PYONGYANG (Reuters) - With a formation of glowing drones, lasers and stadium-sized gymnastics shows, North Korean leader Kim Jong Un relaunched the “Mass Games” on Sunday in a pageant that declared that “waves” of international sanctions would break against the strength of North Korea’s self-reliance.
As the country launches a “new era” of reconciliation and international engagement, Sunday’s premiere in Pyongyang was the first Mass Games in five years and was a major part of a carefully choreographed weekend of events designed to highlight Kim’s diplomatic campaign and plans for economic development.
“I think our country should reunified soon and go out into the world,” said attendee Kim Kyong Hee, speaking to Reuters in a conversation monitored by the North Korean government officials who escort media at all times.
“I believe we sang (about the) people’s hope which is wielding a strong power of scientific technology and nuclear state once again so that we can be the world’s most powerful country.”
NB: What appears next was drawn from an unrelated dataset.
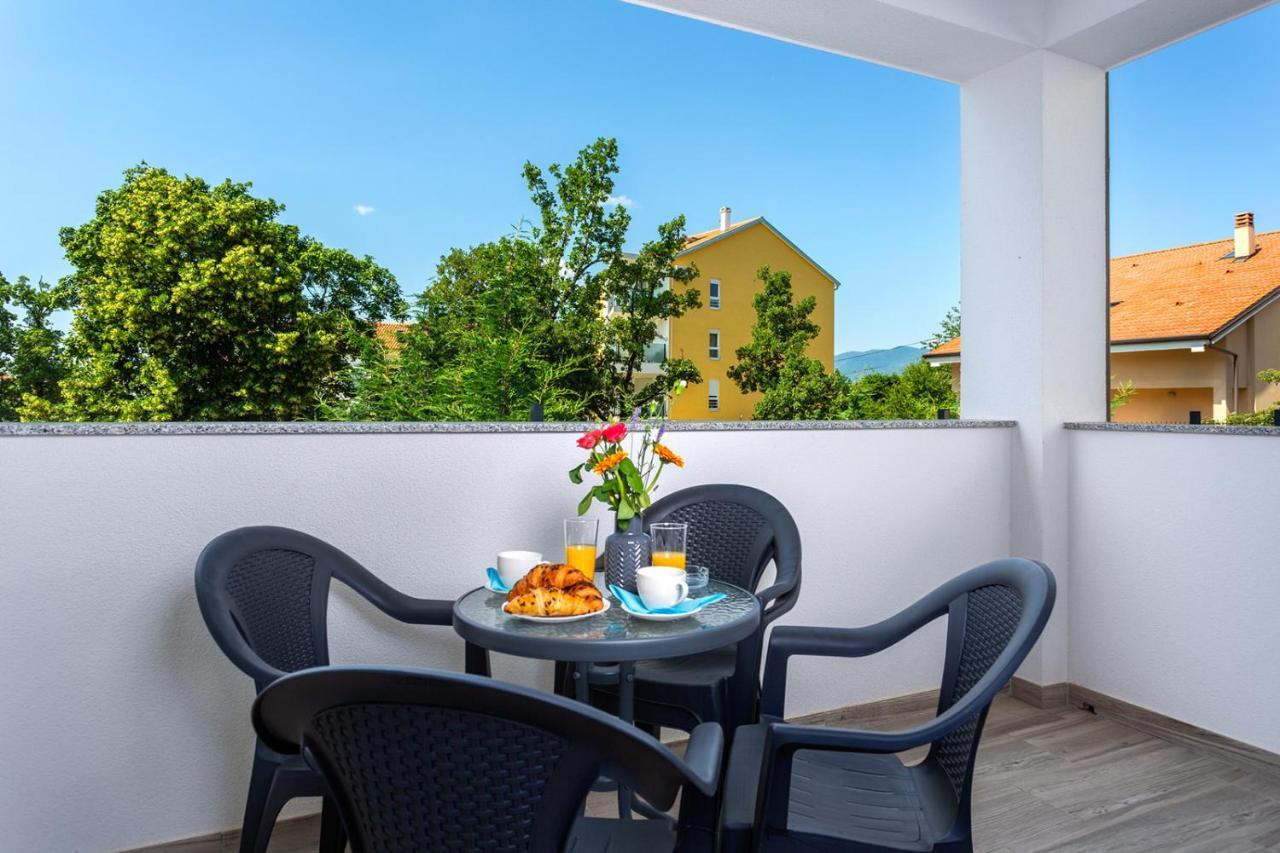 Kvarner Bay 4* - Apartments 1 & 3 Rijeka Exterior photo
The games used updated technology, including a large formation of drones that spelled out words in the sky, as well as large projectors that were used to show scenes of Kim’s April summit with South Korean President Moon Jae-in.
Thousands of dancers, gymnasts, martial artists and singers acted out scenes addressing familiar themes from North Korean propaganda, including the country’s struggles to recover from the 1950-1953 Korean War, and a famine in the 1990s.
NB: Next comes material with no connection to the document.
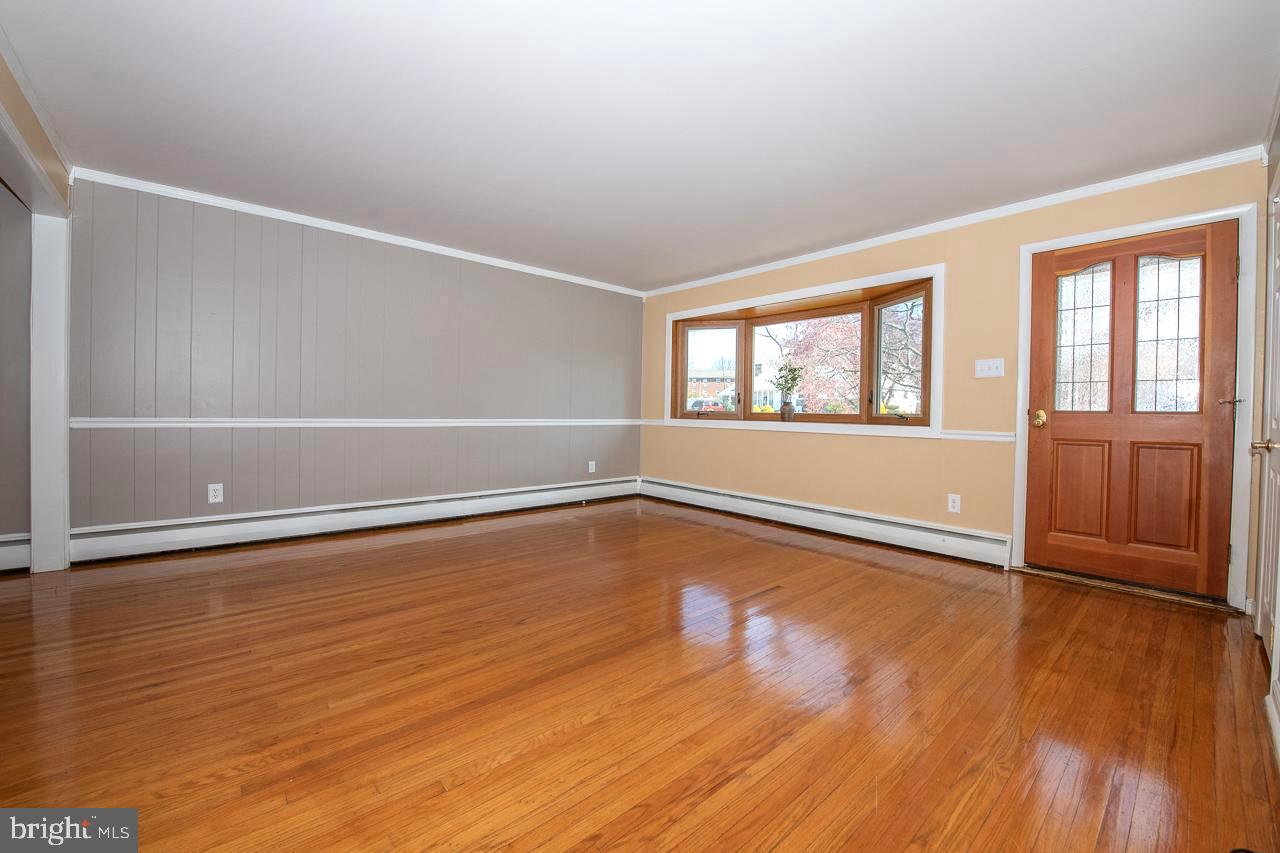 156 Richard Road Aston, PA 19014 - Photo 9 of 82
Unlike some past shows, however, Sunday’s imagery largely left out any anti-American themes, though one portion compared international sanctions over North Korea’s nuclear weapons and ballistic missile programs to waves crashing against the country.
The show did not specifically mention Kim’s summits with U.S. President Donald Trump and Chinese President Xi Jinping, but a huge, moveable display formed by thousands of school children spelled out slogans praising “multilateral foreign relations” in English and Chinese.
Other slogans announced an “era of great change when ... today and tomorrow are different.”
Negotiations over North Korea’s nuclear weapons and missiles has been in doubt in recent weeks as both Pyongyang and Washington accused the other of delays.
Moon is scheduled to visit Pyongyang on Sept. 18 in a high-stakes summit where he is likely to try to restart momentum for engagement between North Korea and the United States.
Earlier on Sunday, Kim presided over a parade that featured conventional military troops but left out any nuclear-capable weapons in favor of floats celebrating relations with South Korea, as well as Kim’s new focus on the economy.
Some defectors and human rights activists criticize North Korea’s group performances, including the Mass Games and military parades, for glossing over the country’s human rights record and placing extreme demands on performers, especially children.
North Korea’s desire to use the performance to attract international attention was clear, said Gianni Merlo, the Italian head of the International Sports Press Association, who said he was invited to attend the events by the North Korean government.
“It looked like an opening ceremony for the Olympics,” he said after the show. “I thought the unification themes in this and the parade earlier were the most important signals of change. We still have to wait and see what is next, but step by step there may be movement.”